* **Data records**
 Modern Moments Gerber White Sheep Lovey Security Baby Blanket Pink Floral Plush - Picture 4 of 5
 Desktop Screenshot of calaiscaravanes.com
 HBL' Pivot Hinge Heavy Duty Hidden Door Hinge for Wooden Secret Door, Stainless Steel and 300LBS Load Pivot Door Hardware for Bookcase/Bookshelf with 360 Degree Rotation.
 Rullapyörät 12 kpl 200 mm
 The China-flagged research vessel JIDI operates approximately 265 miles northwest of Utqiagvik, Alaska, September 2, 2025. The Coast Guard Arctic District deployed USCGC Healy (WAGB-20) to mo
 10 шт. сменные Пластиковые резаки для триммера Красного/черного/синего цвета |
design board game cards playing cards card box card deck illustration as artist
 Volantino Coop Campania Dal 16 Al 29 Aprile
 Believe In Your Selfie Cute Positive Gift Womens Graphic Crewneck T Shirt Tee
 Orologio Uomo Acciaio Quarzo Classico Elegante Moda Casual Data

---

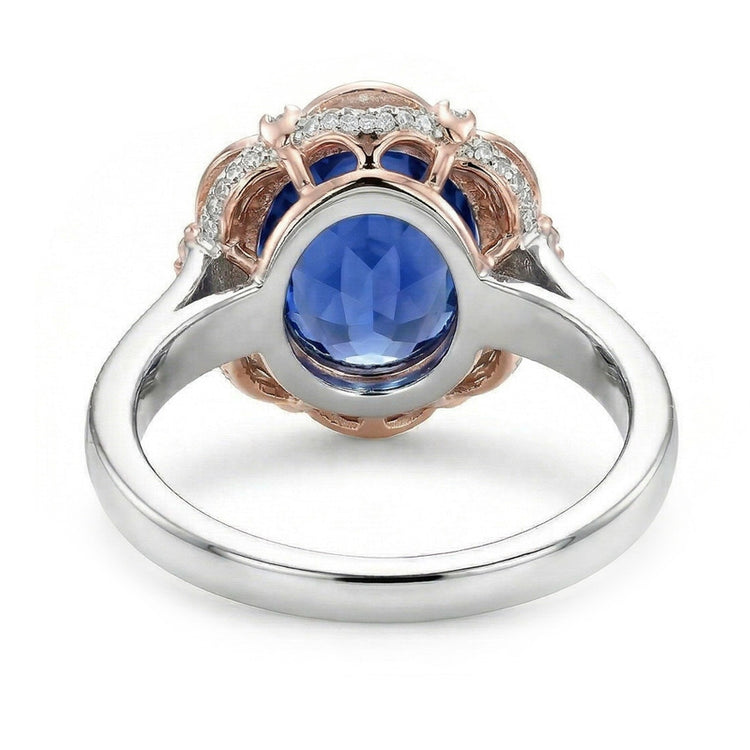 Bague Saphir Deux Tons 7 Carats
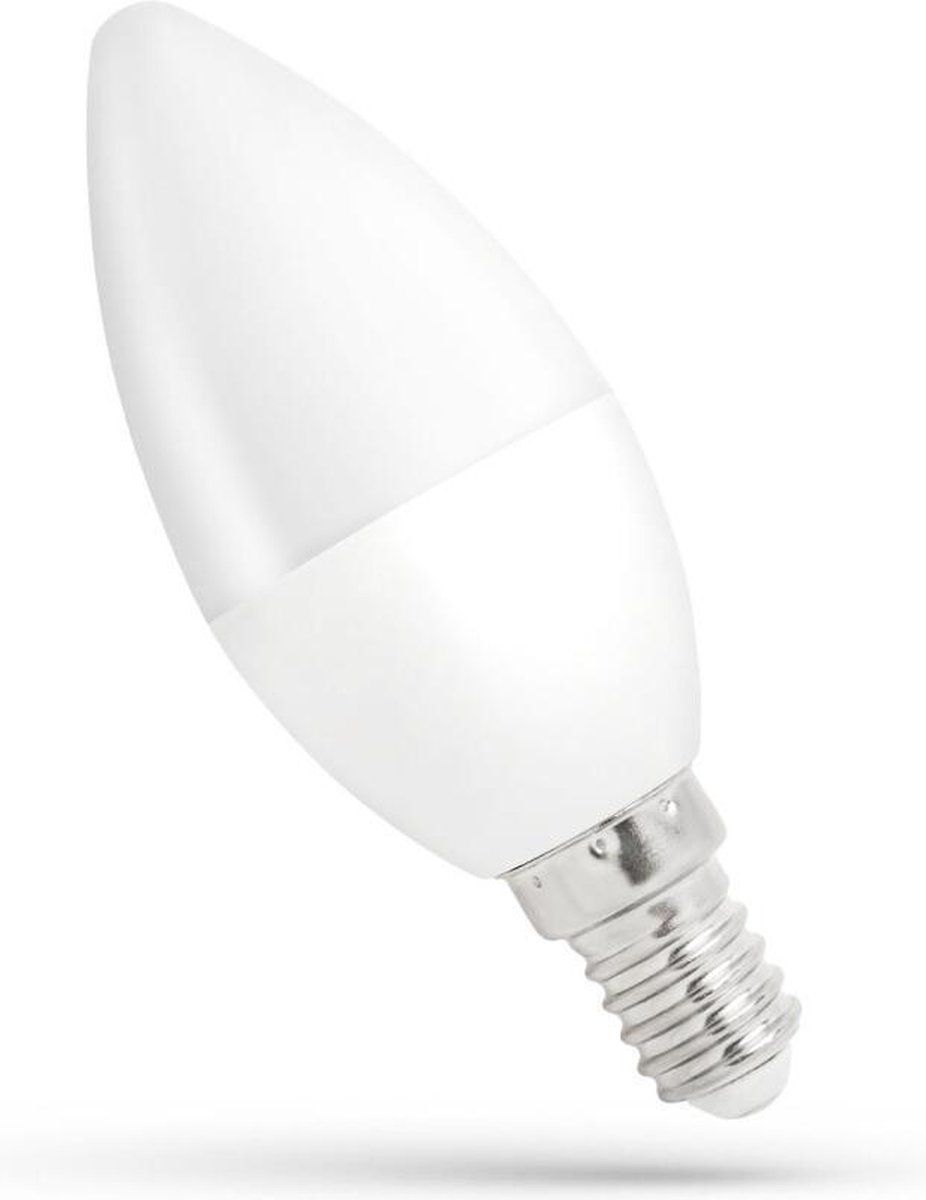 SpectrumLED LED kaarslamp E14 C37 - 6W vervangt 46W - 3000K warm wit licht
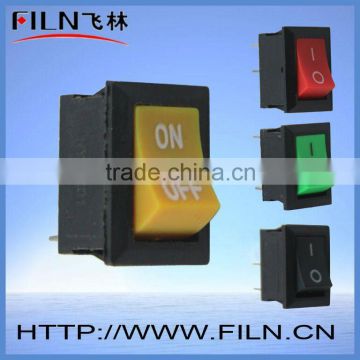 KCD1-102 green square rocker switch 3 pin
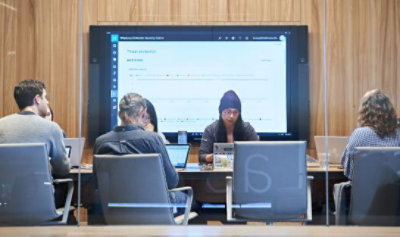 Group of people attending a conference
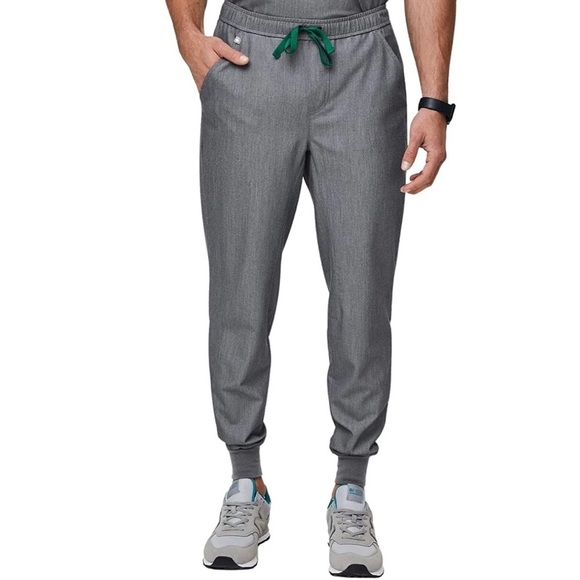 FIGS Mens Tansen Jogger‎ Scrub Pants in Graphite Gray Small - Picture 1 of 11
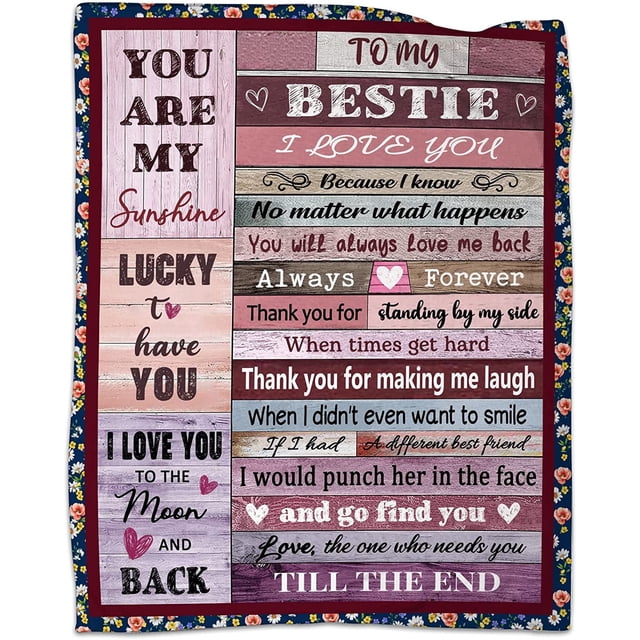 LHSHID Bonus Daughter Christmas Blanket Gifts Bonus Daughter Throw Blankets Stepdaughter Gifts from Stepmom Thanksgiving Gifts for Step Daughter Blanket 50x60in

* **INSTRUCTIONS TO FOLLOW**
Look through the data above and return exactly the lines from the one that contains "Modern Moments Gerber" to the one that contains "Desktop Screenshot of calaiscaravanes.com", inclusive, with nothing else.

* **SOLVED PROBLEM**
 Modern Moments Gerber White Sheep Lovey Security Baby Blanket Pink Floral Plush - Picture 4 of 5
 Desktop Screenshot of calaiscaravanes.com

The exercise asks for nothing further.